GATOS DE TIZA. Capítulo 5: Sin tregua


   Mediodía. Las letras colgaban a varios palmos sobre el dintel de la puerta de la cafetería a la que le daba nombre. El letrero estaba encorsetado por un marco de forja y clavado en la fachada.

   Daniela estaba bajo aquel letrero. Erguida, con un pie sobre el escalón que había en la entrada y otro fuera. Miraba el reloj en su móvil, eran las seis de la tarde. Su cara bien maquillada y tapada con unas de esas enormes gafas que se llevan ahora, tras las gafas había varias horas de sueño perdidas y bien disimuladas. Perfumada, el pelo bien planchado y acondicionado, sus vaqueros de la suerte y su sudadera de las resacas. La noche había sido larga, la fiesta se había prolongado hasta el amanecer, los nervios le atenazaban ahora el estómago, y aunque estaba allí de pie sobre un tacón plano, sus pies le pedían tregua. A pesar de todo, cualquiera que la hubiese visto entrar en Mediodía aquella tarde, sólo habría recordado ver una preciosa sonrisa.

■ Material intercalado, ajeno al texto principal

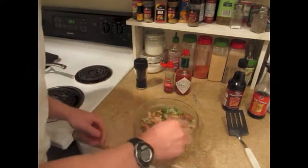And that's it. That took me about five minutes to make, and it's yummy.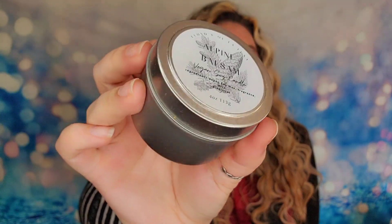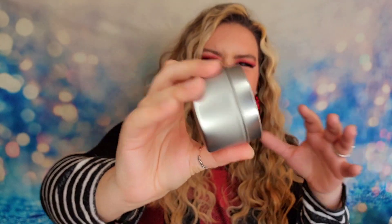Hey guys, welcome back to my channel! Today, and if you're new here welcome — thank you so much for clicking on this video. Today we are going to be diving into a box from the Balanced Company.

   Respiró hondo y entró decidida. El gesto fue muy sencillo, y aún así, aunque ella no se lo hubiese propuesto, pareció mil veces ensayado: Con un movimiento de cabeza se retiraba el pelo, la mano derecha se hacía con las gafas, sus labios sonreían y su voz saludaba. No había ráfagas de viento en ese lugar, aunque ella parecía moverse inmersa en una de ellas.
   La parte más inocente e ilusa de Daniela esperaba allí a un chico de su misma edad, de ojos claros y mirada risueña, sentado en una de las mesas y con gesto cansado. Esperaba que la reconociese nada más verla, que le confesase la ilusión que le hacía encontrarla. Esperaba un abrazo, una cita e incluso un flechazo... Sólo que Daniela no sólo era inocente e ilusa, su parte más experta de la vida le decía que allí no habría nadie, ni nunca lo habría habido.

   Efectivamente, y sin contar a una anciana que estaba al final de la barra, allí no había nadie. Entonces habló la parte esperanzadora de Daniela y dijo algo como: “tranquila, aún falta hora y media para el atardecer...”.

   - Hola. Buenas tardes, me pone un café con leche, con hielo y...
   - Con baylis y dos azucarillos, ¿verdad? – Le terminó la frase el camarero que cargaba una pequeña torre de platillos. Rozaba los cuarenta a juzgar por su apariencia. Estaba calvo y lucía una ajustada pajarita que asomaba por encima de la torre de platillos.
   - Si, gracias – Sonrió con gesto de aprobación.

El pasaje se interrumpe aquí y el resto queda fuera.